We will load the identfile module by default. This is necessary to provide proper ident using oidentd. Please follow the instructions in the link to configure ident.

I have znc bind to port 1338 without SSL for the web server. I will later use relayd to provide TLS acceleration on port 443.

Replace with your own IP addresses. Then, on your irc client logged into the bouncer:

/msg *status rehash
$ doas crontab -e

Add a few lines to have ZNC reconnect every 5 minutes. ZNC will only connect if no other ZNC instance is running:

HOME=/home/znc
*/5     *       *       *       *       /usr/sbin/chroot -u znc -g znc /home/znc znc >>/var/log/znc.log 2>&1 &

To test the connection (and SSL certificate), run:

$ openssl s_client -connect my.example.com:31337

Make sure you have the proper SSL cert configured.

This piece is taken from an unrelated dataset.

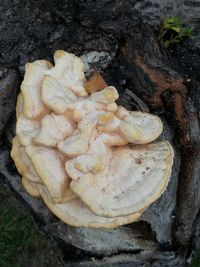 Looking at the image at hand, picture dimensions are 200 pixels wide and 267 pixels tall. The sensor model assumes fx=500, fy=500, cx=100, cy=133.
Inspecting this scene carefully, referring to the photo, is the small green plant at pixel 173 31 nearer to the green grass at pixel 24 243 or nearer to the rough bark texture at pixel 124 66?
the rough bark texture at pixel 124 66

While you are at it, you will want to redirect any plaintext requests to the webpanel on port 80 to use SSL on port 443. Add this to /etc/httpd.conf:

server "bnc.example.com" {
        listen on * port 80
        location "/.well-known/acme-challenge/*" {
                root "/acme"
                request strip 2
        }
        location * {
                block return 302 "https://$HTTP_HOST$REQUEST_URI"
        }
}

Go ahead and reboot the web server:

$ doas rcctl restart httpd

Note: If you are using IPv6 and IPv4 for the same listener, perl IO::Socket::INET is unable to connect. Use two separate listeners.